En un gesto de magnanimidad me rocié con Hugo Boss la camisa para ir al Calderón. Claro que se trataba de una muestra gratuita, pero ese detalle no tenía por qué deslucir la emergencia de un estado de ánimo verdaderamente colaborativo con el vecino pobre, un colchonerismo vicario que me poseyó en la tarde del domingo camino del Manzanares. Yo era un mourinhista infiltrado entre la masa india con la que en mi fuero interno decidí fumar la pipa de la paz coyuntural pero igualmente lisérgica del antibarcelonismo.
No le ahorré rituales a mi peregrinación. Me mezclé en el metro a Pirámides con el niño impaciente de esperanza y con el vejete aferrado a la barra, ladeada la cabeza, la vista reconcentrada en un punto de fuga invisible, lejanísimo, que es donde debe buscarse la explicación a por qué somos del Atleti, supongo. Observaba aquellos rostros tensos que emergían de las bufandas blanquirrojas, superfluas en el calor himmleriano del vagón, circunscritas a esa dimensión simbólica que sólo sirve para abrigar la sentencia de Shankly:
—Algunas personas creen que el fútbol es una cuestión de vida o muerte. Pero en realidad es mucho más importante que eso.

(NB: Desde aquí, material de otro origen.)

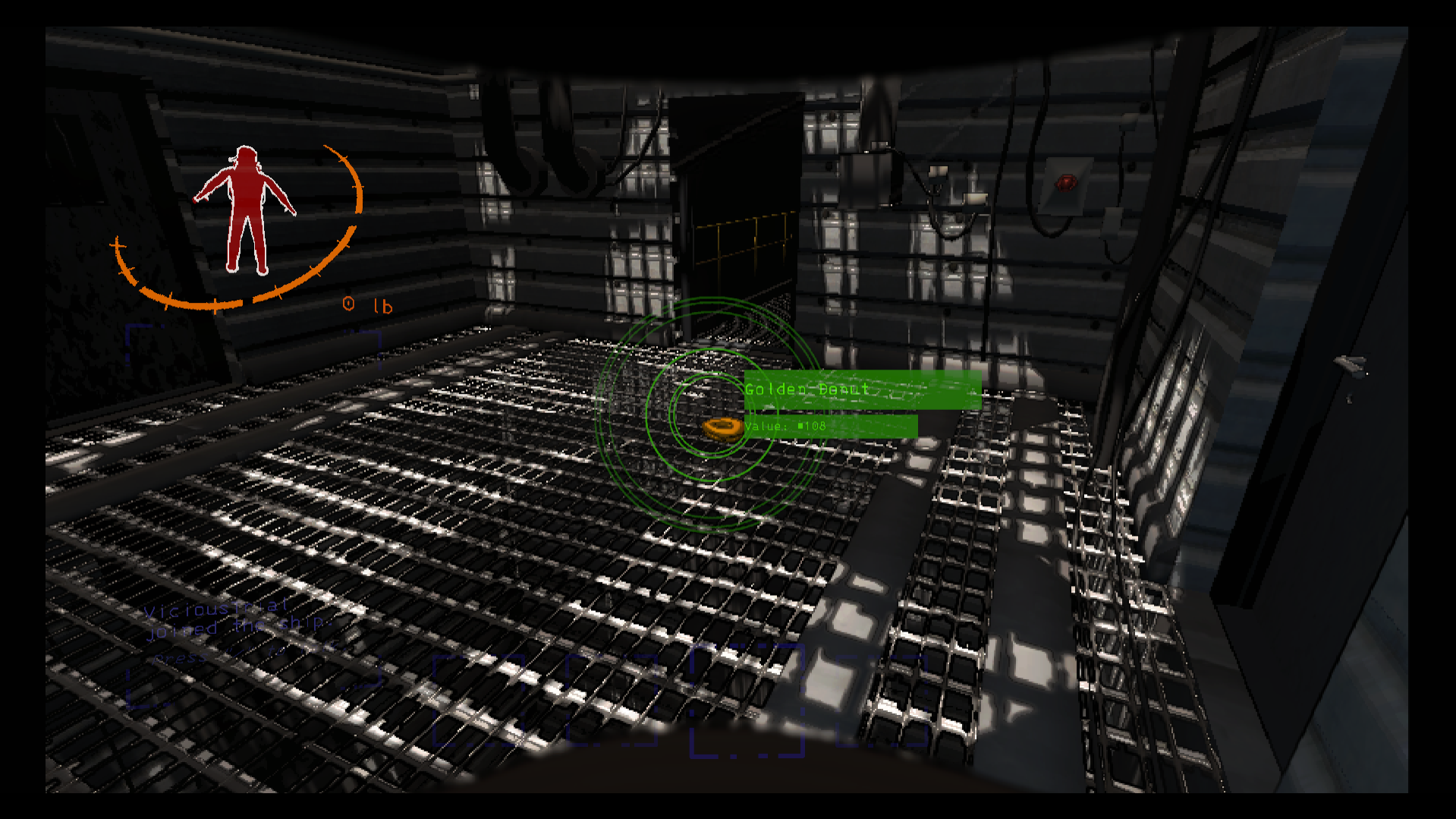 Golden Donut in-game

En el metro los hinchas no se comunican entre sí, no comentan la alineación de partida: viajan a solas con su ilusión crispada, ajenos y abstraídos, asisten a la misa profana del fútbol con gesto de estar atravesando mínimo por la segunda de las siete moradas ascéticas de Santa Teresa. Luego, en la calle, ya sí aflora el sentido de pertenencia al costado de la marea peregrinante y se elevan algunos cánticos tímidos al vapor callejero del botellón que los precalienta. A esas horas pasaban 30 minutos de la medianoche en Dubai, donde tengo a un amigo rodeado de locos en pijama que trasnochó lo que pudo para ver a su Atleti y se fue a la cama justo antes del gol de Falcao, que eso también es ser del Atleti.